Internationale Verhandlungen
Dass Verhandlungen über solche, national umzusetzenden Leitlinien kein Selbstläufer sind, dürfte auch klar sein. Jeder Staat ist um seine eigene, nationale Sicherheit besorgt und wird versuchen alles dafür zu tun, hier so ungehindert wie möglich agieren können. Und natürlich könnten die Bürger in Deutschland auch versuchen, ihre Politiker davon zu überzeugen, strengere nationale Regelungen zu schaffen und damit eventuell auch durchdringen. Jedoch erscheint der Nutzen, der sich aus dem Erfolg von globalen Verhandlungen und am Ende zum Beispiel von vereinbarten Abkommen ergibt, für alle mehr wert zu sein, als die Territorialisierung der Dienste im Internet und die Zersplitterung nationaler Standards voran zu treiben.

Die Lobby der Unternehmen
Ebenso wie jeder Staat auf seine nationale Sicherheit bedacht ist, so ist er auch auf Wachstum und Wohlstand angewiesen. Dieser wird sich aber vor allem mit dem Anreiz für weltweit agierende Wirtschaftsunternehmen erreichen lassen, dass sie aufgrund einheitlicher Regeln, sei es im Datenschutz oder in den Rechtsgrundlagen für eine Zusammenarbeit mit staatlichen Stellen, global rechtmäßig agieren können. Diesbezüglich stellen internationale Konzerne sogar einen Motor für die erfolgreiche Angleichung der nationalen Standards dar. Denn erkennen sie, dass Nutzer ihre Dienste aufgrund von ausbleibender oder fehlender Transparenz und Aufklärung meiden, so werden sie ihren, teils gewichtigen Einfluss bei Regierungen geltend machen, um für eine Angleichung der rechtlichen Grundlagen und damit eine Akzeptanz bei den Kunden zu sorgen.
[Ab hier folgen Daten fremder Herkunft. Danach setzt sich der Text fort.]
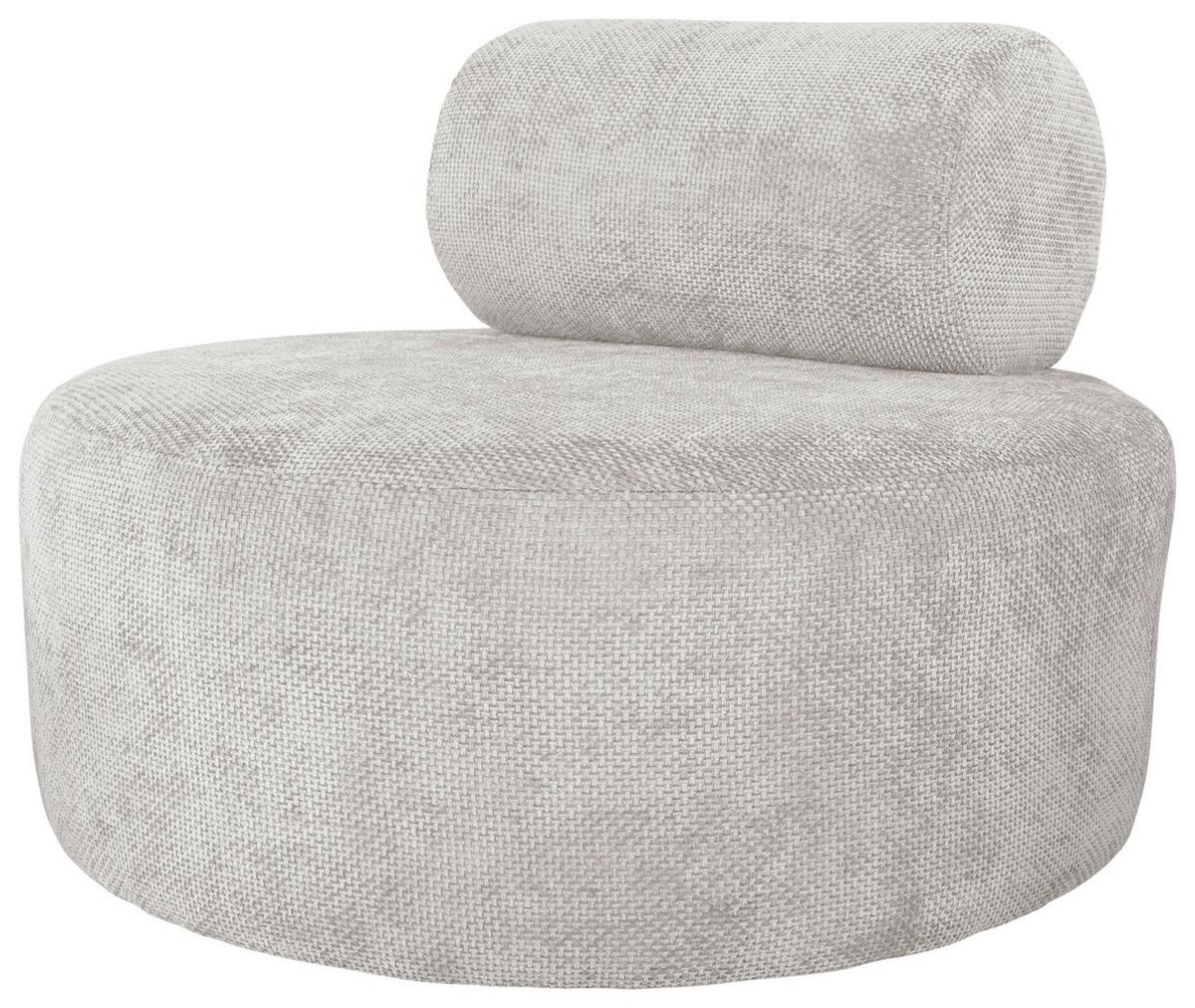 Relaxsessel Moss Weiß B: 88 cm - Schwarz/Weiß, Basics, Textil (88/70/88cm) - Livetastic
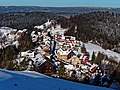 Blick vom Glockenberg nach Schwalbenherd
Lobbying, im Sinne der Bürger.

Ausblick
Das Internet vereint die Staaten und Bürger dieser Welt. Es ist die technische Errungenschaft der letzten Jahrzehnte, aus der viele weitere Innovationen gefolgt sind und folgen werden. Informationen fließen weltweit und bilden die Grundlage unserer derzeitigen Gesellschaft und Wirtschaft, was natürlich auch private oder staatliche Begehrlichkeiten weckt. Wir dürfen und sollten für hohe Datenschutzstandards bei uns eintreten, gleichzeitig jedoch nicht versuchen, nationale Inseln des vermeintlichen Glücks in einer digitalen Welt zu schaffen, in der wir erfolgreich der Teil eines großen Ganzen sein können.